I was particularly struck by her performance and the style of dance in general as compared to tap dance, the main type of dance I pay attention to. Compared to tap, what I found refreshing and striking about flamenco and this dancer in particular was the way the performance unabashedly celebrated fierce, bold, sensual, powerful femininity. Plus, the style of music and instruments used (guitar, vocals, drums, harmonica, and saxophone). Tap is certainly used to express a wide range of emotions, musical styles, and ideas these days, but coming from a male dominated history, I have yet to see tap celebrate fierce femininity like this. Get it girl!

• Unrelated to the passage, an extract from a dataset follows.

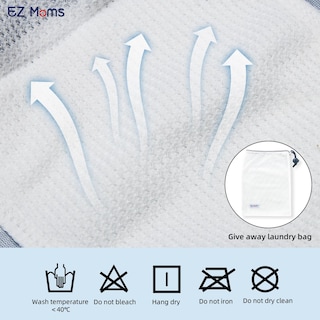 Foto 5 | Foto 5 | Ropa Interior De Entrenamiento Para Niños Pequeños Ez Moms 10 Paquetes 4t Doble Absorción - Venta Internacional.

In other news, this year I worked my 3rd year as a Valentine’s Day elf, working freelance at a flower shop for the holiday rush. Whereas the past two years I worked at a Bulgarian owned shop in Manhattan that worked me to the bone for days straight, this year I found a new florist to work for, also Eastern European and crazy, but much more humane. It was a much more pleasant experience. My takeaway from working on Valentine’s Day at a flower shop is that chivalry and romance are not dead, and there are still romantic guys out there that send flowers to their ladies with cheesy notes. Not so many ladies doing that, though they certainly could. Chivalry can go both ways these days.
Here are some photos I took from the flower district in Manhattan, a block dedicated to selling cut flowers and plants to New York City’s many florists and landscapers. When I first came to the city 3 winters ago, I walked up and down that block in search of employment. I was hired at an indoor plant shop but was quickly fired because I lacked the chutzpah for sales. In these photos you will see the longest stemmed roses I’ve ever seen, yellow roses from Salinas, Ca (near where I’m from…exciting!), and some other pretty flowers. Enjoy! Happy Spring!
What were you doing this time last year?